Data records
● ● ● ● ●

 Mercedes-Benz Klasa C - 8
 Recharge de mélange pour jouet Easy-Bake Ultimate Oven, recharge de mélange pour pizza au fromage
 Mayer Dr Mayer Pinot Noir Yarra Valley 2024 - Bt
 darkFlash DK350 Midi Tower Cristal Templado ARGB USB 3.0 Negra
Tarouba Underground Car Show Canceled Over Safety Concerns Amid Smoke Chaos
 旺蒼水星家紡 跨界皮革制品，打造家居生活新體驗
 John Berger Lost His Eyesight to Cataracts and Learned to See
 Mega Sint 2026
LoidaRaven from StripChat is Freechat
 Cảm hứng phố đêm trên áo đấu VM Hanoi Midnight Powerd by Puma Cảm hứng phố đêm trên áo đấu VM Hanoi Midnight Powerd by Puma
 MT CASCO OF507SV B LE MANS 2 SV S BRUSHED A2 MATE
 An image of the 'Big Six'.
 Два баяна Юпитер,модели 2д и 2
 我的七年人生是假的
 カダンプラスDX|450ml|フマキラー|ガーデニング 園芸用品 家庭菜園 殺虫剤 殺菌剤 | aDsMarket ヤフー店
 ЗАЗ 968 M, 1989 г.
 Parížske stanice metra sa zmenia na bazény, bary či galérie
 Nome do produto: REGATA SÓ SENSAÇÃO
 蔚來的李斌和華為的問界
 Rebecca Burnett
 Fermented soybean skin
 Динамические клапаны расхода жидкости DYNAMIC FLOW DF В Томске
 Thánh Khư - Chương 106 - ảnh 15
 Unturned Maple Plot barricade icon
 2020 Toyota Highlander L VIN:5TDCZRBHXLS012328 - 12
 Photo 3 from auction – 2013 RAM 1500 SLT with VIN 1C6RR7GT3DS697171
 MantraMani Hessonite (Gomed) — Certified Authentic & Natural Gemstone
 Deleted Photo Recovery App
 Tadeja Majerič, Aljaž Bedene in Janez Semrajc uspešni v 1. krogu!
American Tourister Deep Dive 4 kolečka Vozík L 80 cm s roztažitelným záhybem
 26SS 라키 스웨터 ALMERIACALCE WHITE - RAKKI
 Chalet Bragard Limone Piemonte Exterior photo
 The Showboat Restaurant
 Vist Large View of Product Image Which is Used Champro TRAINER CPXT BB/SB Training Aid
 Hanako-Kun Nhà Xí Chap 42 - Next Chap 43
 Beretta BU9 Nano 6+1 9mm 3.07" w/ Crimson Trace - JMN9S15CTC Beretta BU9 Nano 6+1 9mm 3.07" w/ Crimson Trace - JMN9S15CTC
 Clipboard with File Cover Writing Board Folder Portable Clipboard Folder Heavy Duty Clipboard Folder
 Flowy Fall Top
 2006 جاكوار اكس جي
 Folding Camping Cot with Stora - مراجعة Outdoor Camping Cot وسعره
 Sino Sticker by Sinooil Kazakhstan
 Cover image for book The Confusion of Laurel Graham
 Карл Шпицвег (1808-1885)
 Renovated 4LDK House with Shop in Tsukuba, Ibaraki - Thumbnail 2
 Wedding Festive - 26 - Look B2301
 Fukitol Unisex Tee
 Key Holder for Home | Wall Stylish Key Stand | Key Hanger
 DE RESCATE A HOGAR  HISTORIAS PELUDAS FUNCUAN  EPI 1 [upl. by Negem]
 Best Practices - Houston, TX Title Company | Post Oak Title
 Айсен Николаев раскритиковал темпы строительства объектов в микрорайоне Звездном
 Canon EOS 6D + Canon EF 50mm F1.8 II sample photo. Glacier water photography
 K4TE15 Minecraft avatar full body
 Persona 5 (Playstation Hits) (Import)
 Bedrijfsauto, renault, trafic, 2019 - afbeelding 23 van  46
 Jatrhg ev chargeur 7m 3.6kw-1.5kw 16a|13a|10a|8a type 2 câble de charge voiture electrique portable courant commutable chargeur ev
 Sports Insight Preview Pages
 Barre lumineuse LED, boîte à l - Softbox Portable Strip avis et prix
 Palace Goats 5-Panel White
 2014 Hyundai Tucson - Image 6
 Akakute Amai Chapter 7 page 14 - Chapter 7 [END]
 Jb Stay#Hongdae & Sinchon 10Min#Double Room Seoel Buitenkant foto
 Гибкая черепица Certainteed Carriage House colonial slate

● ● ● ● ●

*Your instructions:* Please reproduce every line shown above, exactly as written.

*Exercise solution:*
 Mercedes-Benz Klasa C - 8
 Recharge de mélange pour jouet Easy-Bake Ultimate Oven, recharge de mélange pour pizza au fromage
 Mayer Dr Mayer Pinot Noir Yarra Valley 2024 - Bt
 darkFlash DK350 Midi Tower Cristal Templado ARGB USB 3.0 Negra
Tarouba Underground Car Show Canceled Over Safety Concerns Amid Smoke Chaos
 旺蒼水星家紡 跨界皮革制品，打造家居生活新體驗
 John Berger Lost His Eyesight to Cataracts and Learned to See
 Mega Sint 2026
LoidaRaven from StripChat is Freechat
 Cảm hứng phố đêm trên áo đấu VM Hanoi Midnight Powerd by Puma Cảm hứng phố đêm trên áo đấu VM Hanoi Midnight Powerd by Puma
 MT CASCO OF507SV B LE MANS 2 SV S BRUSHED A2 MATE
 An image of the 'Big Six'.
 Два баяна Юпитер,модели 2д и 2
 我的七年人生是假的
 カダンプラスDX|450ml|フマキラー|ガーデニング 園芸用品 家庭菜園 殺虫剤 殺菌剤 | aDsMarket ヤフー店
 ЗАЗ 968 M, 1989 г.
 Parížske stanice metra sa zmenia na bazény, bary či galérie
 Nome do produto: REGATA SÓ SENSAÇÃO
 蔚來的李斌和華為的問界
 Rebecca Burnett
 Fermented soybean skin
 Динамические клапаны расхода жидкости DYNAMIC FLOW DF В Томске
 Thánh Khư - Chương 106 - ảnh 15
 Unturned Maple Plot barricade icon
 2020 Toyota Highlander L VIN:5TDCZRBHXLS012328 - 12
 Photo 3 from auction – 2013 RAM 1500 SLT with VIN 1C6RR7GT3DS697171
 MantraMani Hessonite (Gomed) — Certified Authentic & Natural Gemstone
 Deleted Photo Recovery App
 Tadeja Majerič, Aljaž Bedene in Janez Semrajc uspešni v 1. krogu!
American Tourister Deep Dive 4 kolečka Vozík L 80 cm s roztažitelným záhybem
 26SS 라키 스웨터 ALMERIACALCE WHITE - RAKKI
 Chalet Bragard Limone Piemonte Exterior photo
 The Showboat Restaurant
 Vist Large View of Product Image Which is Used Champro TRAINER CPXT BB/SB Training Aid
 Hanako-Kun Nhà Xí Chap 42 - Next Chap 43
 Beretta BU9 Nano 6+1 9mm 3.07" w/ Crimson Trace - JMN9S15CTC Beretta BU9 Nano 6+1 9mm 3.07" w/ Crimson Trace - JMN9S15CTC
 Clipboard with File Cover Writing Board Folder Portable Clipboard Folder Heavy Duty Clipboard Folder
 Flowy Fall Top
 2006 جاكوار اكس جي
 Folding Camping Cot with Stora - مراجعة Outdoor Camping Cot وسعره
 Sino Sticker by Sinooil Kazakhstan
 Cover image for book The Confusion of Laurel Graham
 Карл Шпицвег (1808-1885)
 Renovated 4LDK House with Shop in Tsukuba, Ibaraki - Thumbnail 2
 Wedding Festive - 26 - Look B2301
 Fukitol Unisex Tee
 Key Holder for Home | Wall Stylish Key Stand | Key Hanger
 DE RESCATE A HOGAR  HISTORIAS PELUDAS FUNCUAN  EPI 1 [upl. by Negem]
 Best Practices - Houston, TX Title Company | Post Oak Title
 Айсен Николаев раскритиковал темпы строительства объектов в микрорайоне Звездном
 Canon EOS 6D + Canon EF 50mm F1.8 II sample photo. Glacier water photography
 K4TE15 Minecraft avatar full body
 Persona 5 (Playstation Hits) (Import)
 Bedrijfsauto, renault, trafic, 2019 - afbeelding 23 van  46
 Jatrhg ev chargeur 7m 3.6kw-1.5kw 16a|13a|10a|8a type 2 câble de charge voiture electrique portable courant commutable chargeur ev
 Sports Insight Preview Pages
 Barre lumineuse LED, boîte à l - Softbox Portable Strip avis et prix
 Palace Goats 5-Panel White
 2014 Hyundai Tucson - Image 6
 Akakute Amai Chapter 7 page 14 - Chapter 7 [END]
 Jb Stay#Hongdae & Sinchon 10Min#Double Room Seoel Buitenkant foto
 Гибкая черепица Certainteed Carriage House colonial slate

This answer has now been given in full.